Kim Kardashian West and Van Jones discuss White House meeting on criminal justice reform
Three months after successfully lobbying President Donald Trump to grant clemency to Alice Marie Johnson, Kim Kardashian West returned to Washington earlier in September in order to advocate for broader criminal justice reform and for the case of another nonviolent drug offender, Chris Young.
Over the summer, Kardashian West teamed up with Van Jones, who outside of his role as a CNN host, is also the co-founder of #Cut50, a criminal justice reform organization.
Jared Kushner, who is leading the Trump administration’s criminal justice reform efforts, invited Kardashian West and Jones to participate in an off-the-record meeting at the White House with a group of about 20 people, including attorneys, activists and policy experts. The subject of the meeting was how to change the United States’ clemency process.
In an exclusive interview with Mic ahead of that meeting, Kardashian West and Jones defended their decision to work with Trump on this issue.
“I truly think it is a genuine commitment. But let’s say it’s not: It’s still helping a lot of people and getting people out,” Kardashian West said. “It’s still getting the job done, no matter what anybody thinks.”
“This issue can’t take four years off, eight years off, 12 years off, waiting for the perfect person, with the perfect motives, with the perfect time — because people’s lives are being spent behind bars,” Jones added.
During their White House visit, Kardashian West and Jones also met with Trump and discussed the case of Chris Young, one of several individuals that Kardashian West has been tweeting about on social media in recent weeks.
Young is currently serving a life without parole sentence in federal prison in Lexington, Kentucky, for a nonviolent drug offense.
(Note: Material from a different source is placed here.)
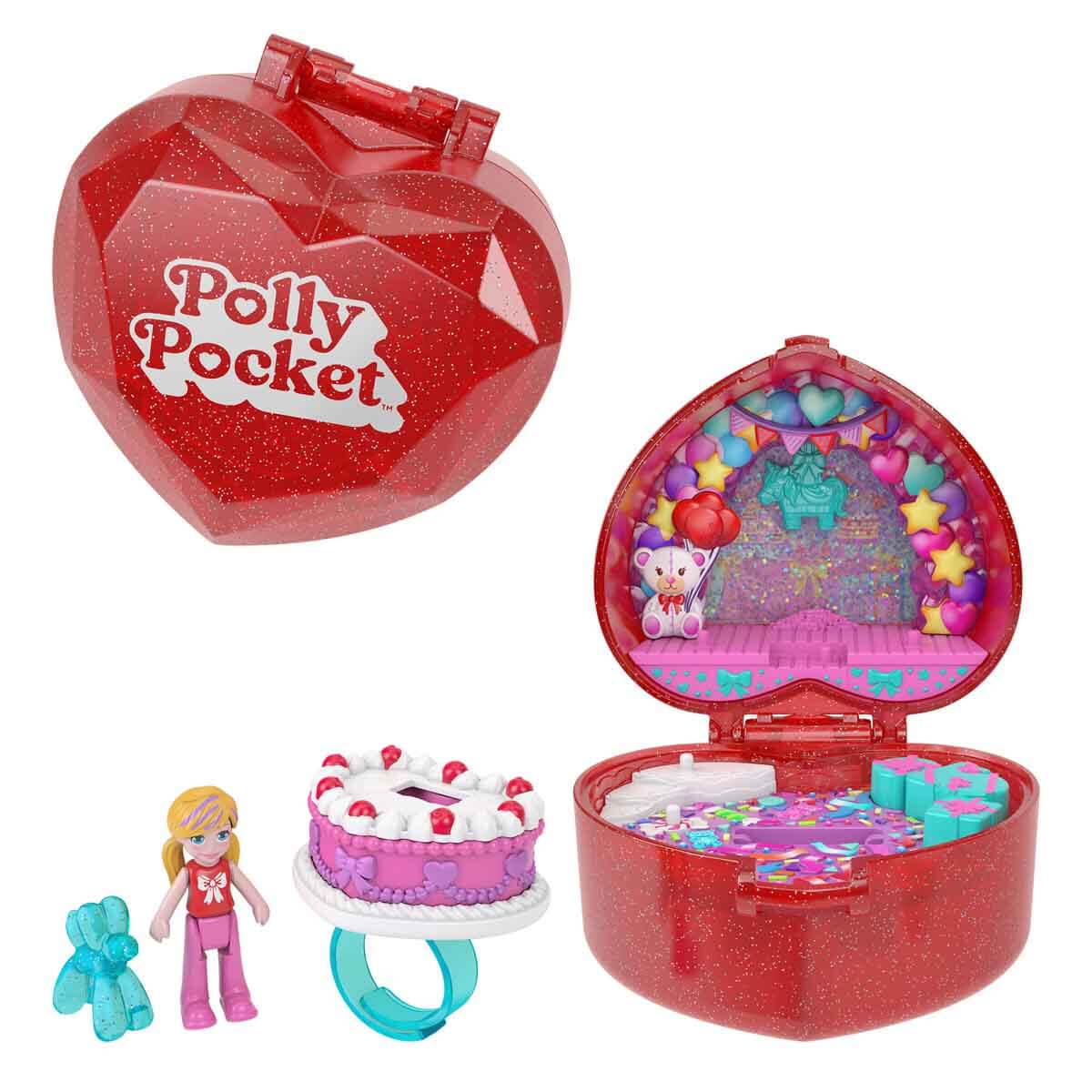 Polly Pocket Mattel 80. Yıl Yüzük Kutusu Oyun Seti JGK21 | Toyzz Shop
Similar to the case of Johnson, a judge handed Young the harsh sentence due to mandatory minimum sentencing guidelines.
Judge Kevin Sharp, who sentenced Young, has since quit the bench and is now advocating for Young’s release. “The whole criminal justice system disturbed me on what we did,” Sharp said in an interview. “If you want me to sit on the bench and just — even if you’re going to let me decide what the sentence is — just churn people through the prison system, that’s not helping.”